技法:予め吹きこまれた音響のない(もしくはある)レコード

ラジオ放送の開始やウォークマンの登場により音楽の表現が変化していった歴史から,音響メディアが音楽に与える影響の大きさがわかる.その中でも,記録容量が音楽の長さを決定するように,時として音響メディアが音楽の表現そのものを狭まる場合がある.それはレコードでも同様で,その直径と回転数によって曲の時間が決定されることもさることながら,形としての水平な円盤型や,針の正しい扱い方など,レコードに対する“当たり前”によりそこから発生される音響は制限されている.言い換えれば,聴衆は制限された音響のなかで音楽の消費を迫られている.その中で,レコードを直接手で触りコントロールするスクラッチは“当たり前”を覆し音楽の幅を広げた良い例である.
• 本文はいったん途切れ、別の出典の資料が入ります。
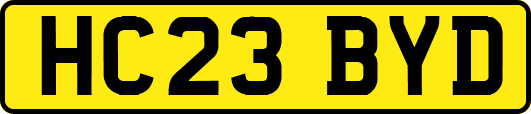 HC23BYD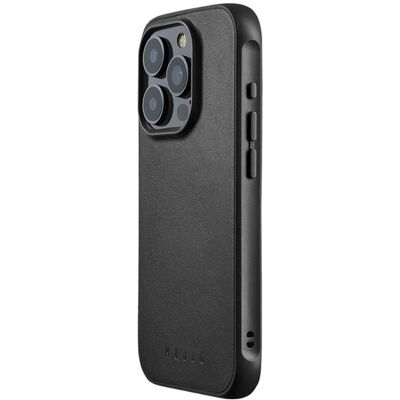 Mujjo nahkakotelo iPhone 15 Pro - ImpactSafe Mujjo nahkakotelo iPhone 15 Pro - ImpactSafe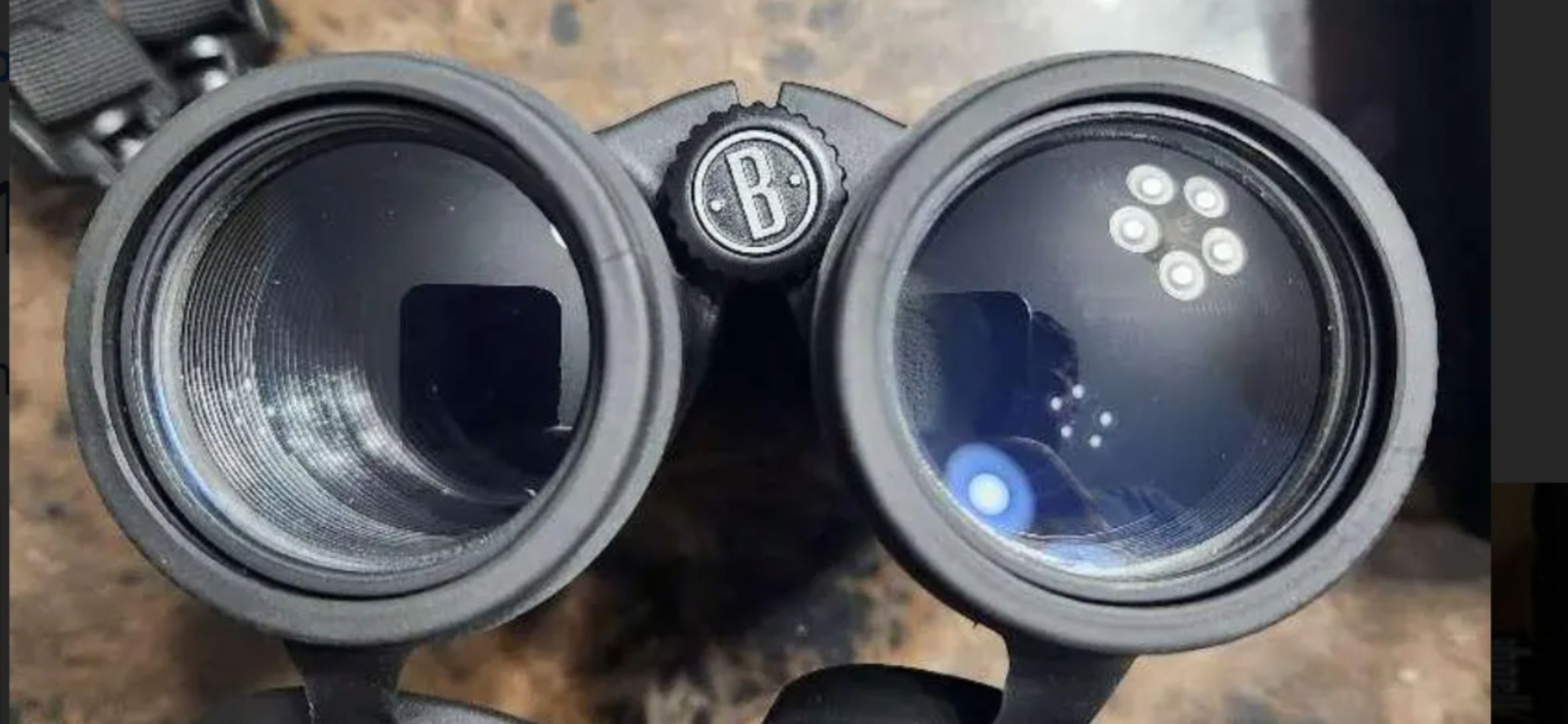 Photo of Bushnell Binos × 2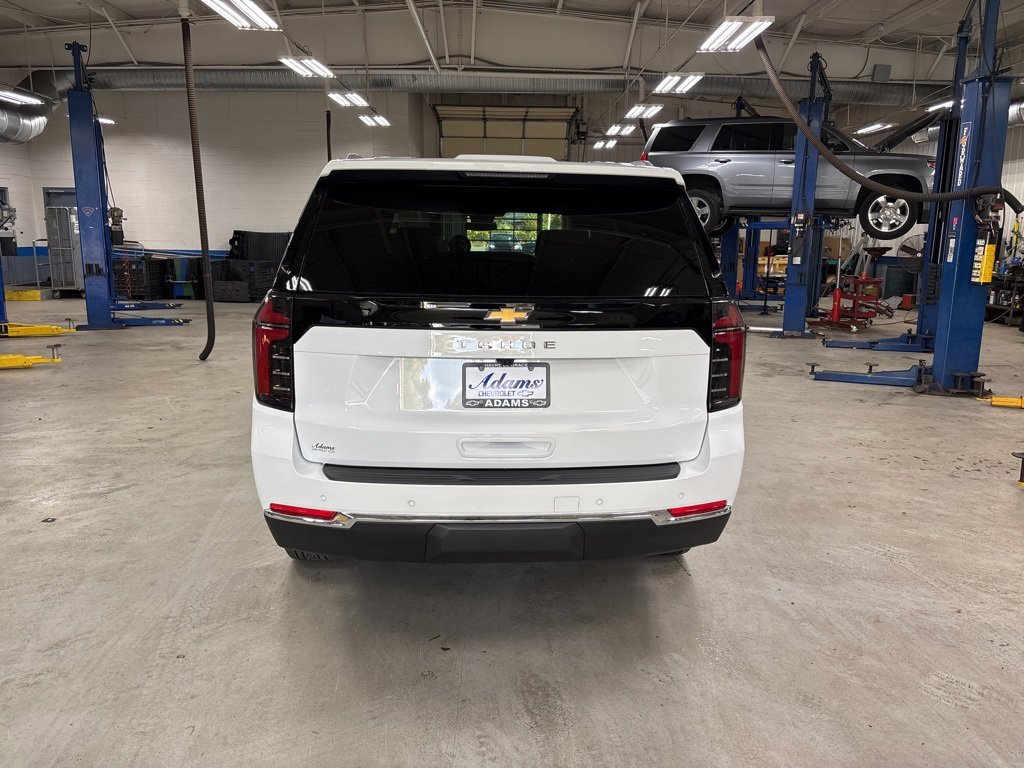 2026 Chevrolet Tahoe LS photo 3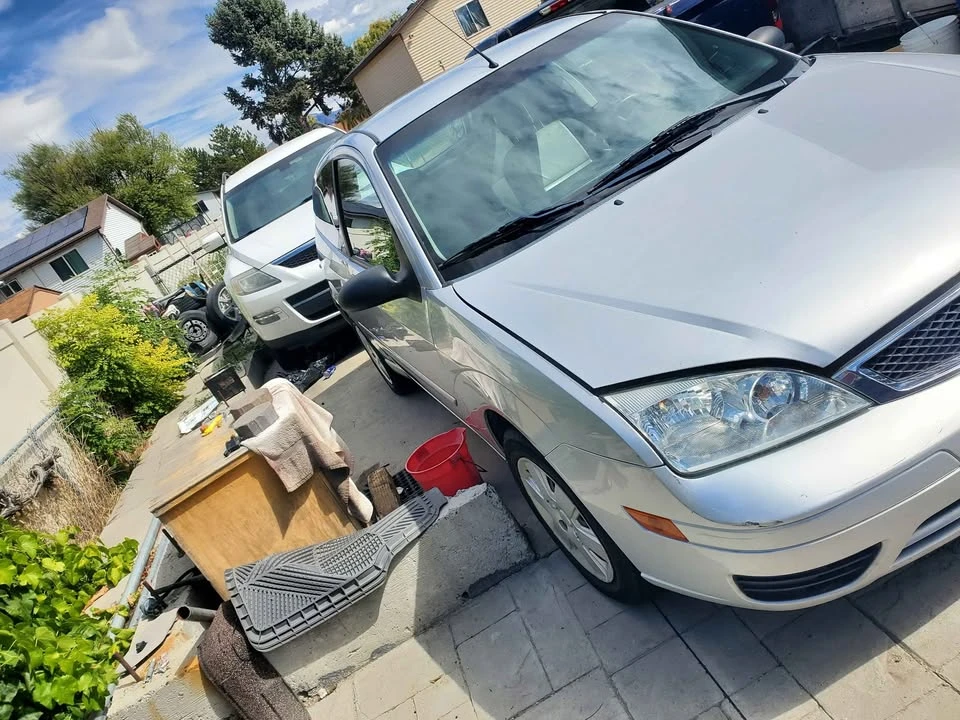 2007 Ford Focus 2nd Gen - Image 5 of 7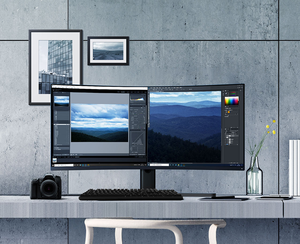 Xiaomi Miカーブドゲーミングモニター34インチ144HZコンピューターデスクトップPCゲーミングLCDディスプレイ画面Xiaomiカーブドコンピューターモニター - Product Image 4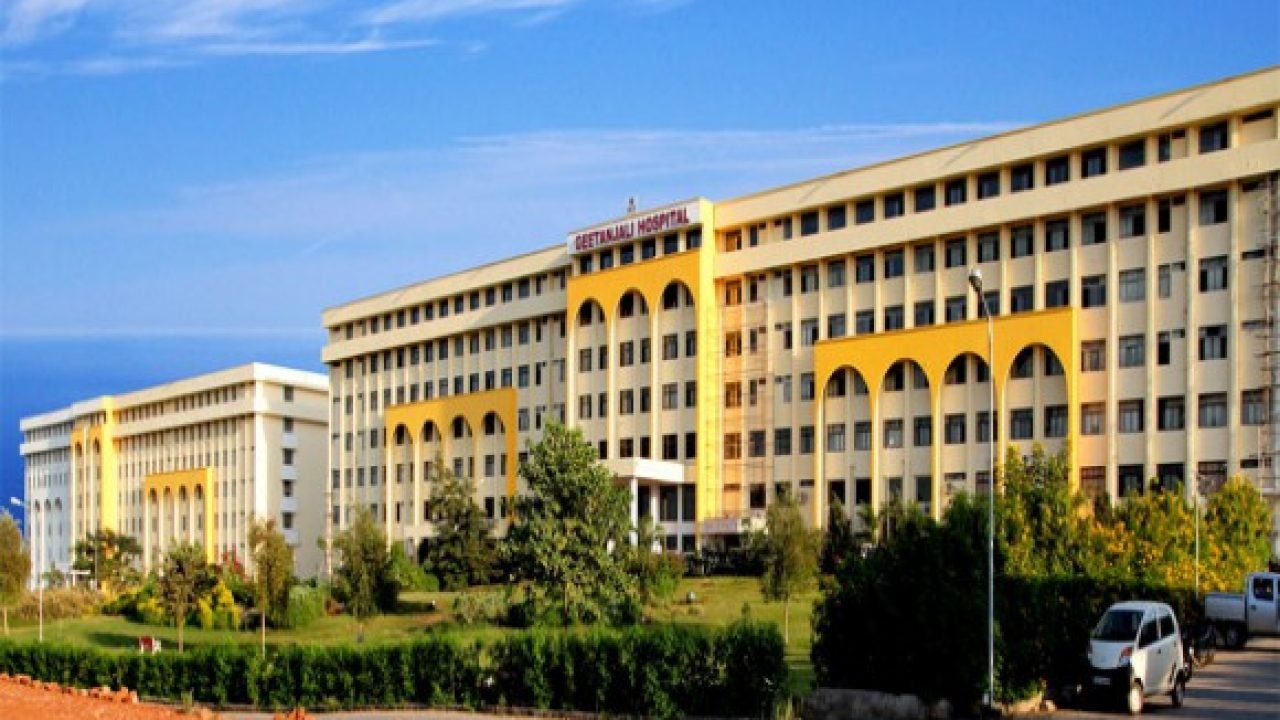 Geetanjali Medical College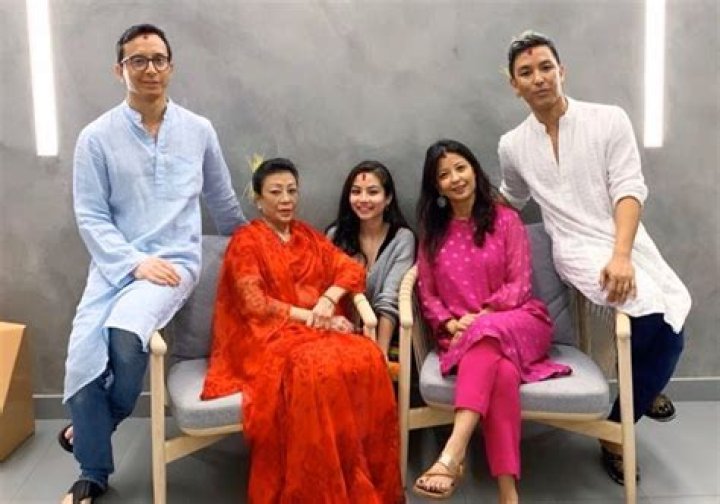 Who Is Prabal Gurung Father? Mother Durga Rana, Family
本作品はターンテーブルに対して垂直に飛び出る螺旋形状をしたレコードである.レコードを再生するとターンテーブルのアームは螺旋形状に沿って段々と持ち上げられ,螺旋の最高点に到達すると落下する.盤面には異なる音響の溝が複数刻まれており,アームの落下時にターンテーブルの針がいずれかの溝に収まるため,次に再生される音を鑑賞者は予測することができない.

レコードに打ち付けられるターンテーブルの針,溝ではなくレコード自体によって動かされるアーム,盤面に刻まれた後も変化し続ける再生音.通常とは異なるレコードの様相を示すことで音響メディアへの“当たり前”を揺さぶり,鑑賞者のレコードの盤面を少し広げる.